No. This voice in his head was a phony. He couldn’t tell anymore. Everything he’d loved was no longer here.

His wife’s photo. His daughter’s. Several other faces, who had moved away from Vanhoover or gotten lost among the hundreds and hundreds of strange new employees, in the shell of a business founded for fruit that lost its taste in his mouth every day. What was he doing?

There had been arguments. He’d repeatedly driven some of his family away. But had he really argued so much, with ponies who wanted more in their lives than pear jam? Was this what his old stallion had meant when he’d warned, “You’ll have kids of your own someday, Grand Pear! You mark my words!”

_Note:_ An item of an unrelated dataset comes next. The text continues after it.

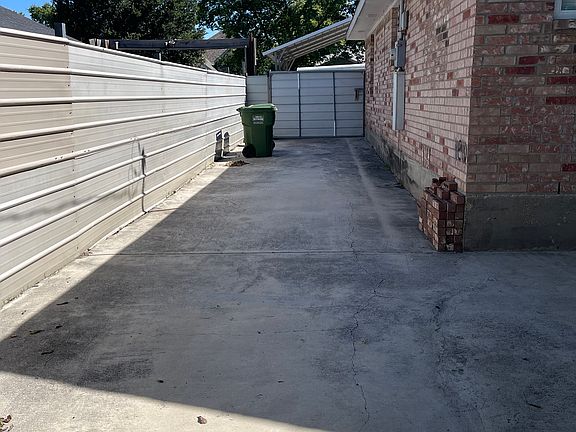 5th image of 8110 Gibbs Dr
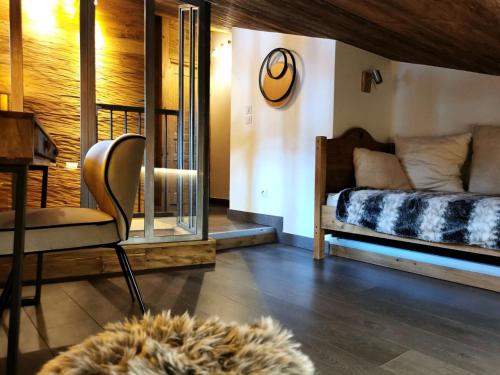 a bedroom with a bed and a desk and a chair at Résidence Terrasse - La Terrasse 36 - Magnifique appartement cocooning, vue splendide MAE-4914 in Valmorel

What was he doing? Who was he? What had happened to the real Grand Pear, somewhere in all those years and letters and arguments?

He’d killed his wife.

Not literally. But he’d seen the pain in her eyes. She’d had stern arguments with him, over going back to Ponyville to see their daughter. He’d said no. He’d shouted no. He’d demanded no. Cinnamon Pear had grown soft, and the worst part was that he felt himself going soft alongside her. It had hurt him where it hadn’t hurt before, to read about his grandchildren travelling away from their home, struggling through cider season, sharing presents at Hearth’s Warming, making friends in town, and getting their first bruises working on the farm.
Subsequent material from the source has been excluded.